Une Citrouille était qui se plaignait tout bas,
Que la Nature l'eût formée
Pour se traîner sans cesse et glisser pas à pas
Dans un jardin humide et sur un terrain gras
Où le Sort l'avait renfermée.
En fait d'esprit, les Citrouilles n'ont pas,
Jusqu'à présent, beaucoup de renommée.
Voyons ce que fit celle-ci.
D'abord, dans son langage, elle parlait ainsi :
Faut-il, dès en naissant flétrie,
Dans l'opprobre passer ma vie ?
J'ai laissé loin de moi le fumier d'où je sors ;
Mais je ne monte point ; dans la fange on m'oublie :
Le plus vil animal me passe sur le corps ;
Sous l'eau, quand il a plu, je reste ensevelie ;
Je vis dans les brouillards, et me consume en vain
À vouloir m'élever dans un air plus serein.

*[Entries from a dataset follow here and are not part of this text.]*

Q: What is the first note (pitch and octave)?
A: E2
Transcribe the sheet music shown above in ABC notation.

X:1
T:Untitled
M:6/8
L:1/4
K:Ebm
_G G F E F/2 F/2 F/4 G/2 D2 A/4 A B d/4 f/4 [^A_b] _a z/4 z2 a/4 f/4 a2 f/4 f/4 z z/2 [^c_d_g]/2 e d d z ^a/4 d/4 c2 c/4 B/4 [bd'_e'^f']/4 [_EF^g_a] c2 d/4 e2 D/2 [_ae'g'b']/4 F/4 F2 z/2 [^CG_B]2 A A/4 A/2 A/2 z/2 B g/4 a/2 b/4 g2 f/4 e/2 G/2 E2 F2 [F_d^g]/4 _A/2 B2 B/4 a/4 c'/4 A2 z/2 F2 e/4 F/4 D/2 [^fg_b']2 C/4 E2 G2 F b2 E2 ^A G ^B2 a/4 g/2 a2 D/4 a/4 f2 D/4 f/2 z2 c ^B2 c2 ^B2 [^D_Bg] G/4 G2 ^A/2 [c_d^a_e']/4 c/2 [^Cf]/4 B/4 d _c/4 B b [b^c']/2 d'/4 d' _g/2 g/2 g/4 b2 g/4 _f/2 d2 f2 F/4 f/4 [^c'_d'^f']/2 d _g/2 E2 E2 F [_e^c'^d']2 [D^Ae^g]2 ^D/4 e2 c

Tout en faisant sa doléance
Elle avançait, s'étendait, occupait
Dujardin un espace immense ;
Et sans jamais se redresser, rampait.
Elle rampa si bien que la voilà venue
Au pied d'un arbre antique et dont les rameaux verts,
Vainqueurs de plus de cent hivers,
Allaient se perdre dans la nue.
De ses bras tortueux, par vingt replis divers,
Elle presse la tige, et monte ; parvenue
Aux branches, monte encore ; et les nuits et les jours
Toujours monte, en rampant toujours.
Enfin, au sommet arrivée,
Vers les cieux la tête levée,
Elle plane au dessus des plus nobles rameaux.
Sur ce peuple de végétaux,
Sa famille autrefois, gisant encor sur l'herbe,
Elle abaisse un regard superbe,
Et n'y reconnaît plus d'égaux.
Les Plantes à leur tour, dans l'orgueilleuse Plante,
Ont peine à retrouver Citrouille leur parente.
Est-il possible ? O ciel ! Quel chemin, et quel saut !
Comment a-t-elle fait pour se guinder si haut ?
Un Jonc leur dit alors : Ne l'avez-vous pas vue
Ramper entre le Chou, l'Oseille et la Laitue ?
J'ai prévu, sans être devin,
Cette élévation qui vous blesse la vue.
En faire autant n'est pas bien fin :
Je le ferais si la Nature
M'avait créé pour cette fin ;
Mais elle m'a fait droit : je souffre sans murmure
L'humble état où l'on reste en gardant cette allure.
Quand l'ouragan me vient frapper,
Je plie, il le faut bien ; mais je ne puis ramper.